A large number of covid-related claims have been made following the increase in Covid cases during the second wave. As of May 5, 2021, approximately 47.8K covid claims have been repudiated while approximately 187.8K claims are still under review, according to data released by the General Insurance Council. These health insurance claims were mostly rejected for lack of proper documentation, waiting times and exclusions.
Dhirendra Mahyavanshi, co-founder of Turtlemint (An InsurTech Company) said that following IRDAI guidelines for proper consideration of covid claims before rejection, insurers have become much more inclusive in recent times.
“New and improved features such as coverage of mental disorders, robotic and advanced surgeries, inclusion of telemedicine, etc. broadened the reach of health insurance plans and made them popular. However, wait times and exclusions are still an important part of any health plan. Even with standardized exclusion standards, there are many things a policyholder should be aware of before purchasing the plan, ”Mahyavanshi told FE Online while explaining the most common health insurance exclusions that every policyholder should be aware of. Looked:
Exclusion for pre-existing illness during the waiting period
The co-founder of Turtlemint said that if you are suffering from a medical problem, like diabetes, hypertension, etc., such problem would be called a pre-existing problem. “Complications arising from such pre-existing conditions would not be covered for a waiting period specified in the policy. The period ranges from 12 months to 48 months. Once the period is over, you can get coverage for your pre-existing conditions.
Normal wait time
In addition to the waiting period for pre-existing conditions, there are also other waiting periods during which specified coverage is not available. These periods include the following:
Initial waiting period: Mahyavanshi said this is also called a cooling off period from the date the policy is purchased. Illnesses occurring during this period are not covered. However, accidental injuries would be covered during this period which generally lasts 30 days.
Specific waiting period: Diseases and treatments like hernia, fistula, tonsillectomy, cataracts, joint replacement surgeries, etc. are not covered for the first or two years of the policy.
Maternity waiting period: If the plan allows maternity coverage, there would be a waiting period during which coverage would not be available. The period ranges from 9 months to 48 months.
Cosmetic treatments: Cosmetic surgeries are not medically necessary except when they become important in treating an accidental injury.
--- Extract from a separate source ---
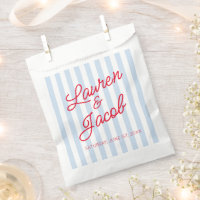 Modern Minimal Minimalist Blue Stripes Red Wedding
Such unnecessary cosmetic treatments are therefore excluded from the scope of the guarantee. In addition, even circumcision and sex reassignment treatments are excluded from coverage.
Non-scientific treatments: If you have unproven, experimental or unscientific treatments, the cost of those treatments would not be covered by your health insurance plan. Clinical trials are the most common examples of this and if you are receiving treatment in such trials, where the line of treatment is not generally accepted by healthcare professionals, you will have to bear the medical costs.
Self-harm: Injuries or illnesses sustained as a result of attempted suicide, deliberate acts by the insured or self-inflicted injuries are not covered by the policy. This is because health plans are meant to cover uncertain medical emergencies over which you have no control. If you control the occurrence of medical contingencies, those contingencies would be excluded from coverage.
Participation in dangerous activities, criminal acts and injuries sustained as a result of alcohol or drug abuse are also excluded from coverage.
Allied war and perils: Medical injuries sustained when the country is at war, or if there is a mutiny, rebellion or civil unrest, would not be covered. Illnesses and injuries due to radiation or chemical ionization are also not covered.
Investigation and evaluation costs: The medical costs caused by the investigative tests are covered on the condition that they are related to the treatment for which you were hospitalized. However, if the tests are unrelated to the treatment you are requesting, their costs would not be covered. In addition, if you are hospitalized solely for the purpose of undergoing investigative or evaluation tests, the costs of this hospitalization and these tests would not be covered.
Food supplements: Costs incurred for the purchase of vitamins, minerals and other food supplements are not covered by the policy.
Cost of consumables and non-payable items: Consumables are single-use items that are used during treatments. For example, cotton, bandages, syringes, face masks, disinfectants, etc. constitute consumables.
These consumables are not covered by health insurance plans and their costs would be your personal expenses. Similarly, the regulator has specified a list of items not payable under health insurance. The cost of the items contained in such a list is also not covered.
“However, modern health plans allow add-ons that allow you to claim coverage for these non-chargeable items and consumables.
3 conditions for obtaining a health insurance claim
According to Mahyavanshi, a health insurance claim would only be admitted if the 3 conditions are met, such as a doctor’s notice of hospitalization, a standard treatment protocol and an active treatment line have been administered.
“If all these 3 clauses are met and there is no exclusion or documentation problem, there is no reason to reject the claim. However, when buying a health insurance plan, read the fine print. Go through the list of coverage exclusions to find out exactly what is covered by the plan and what is not, ”he suggested.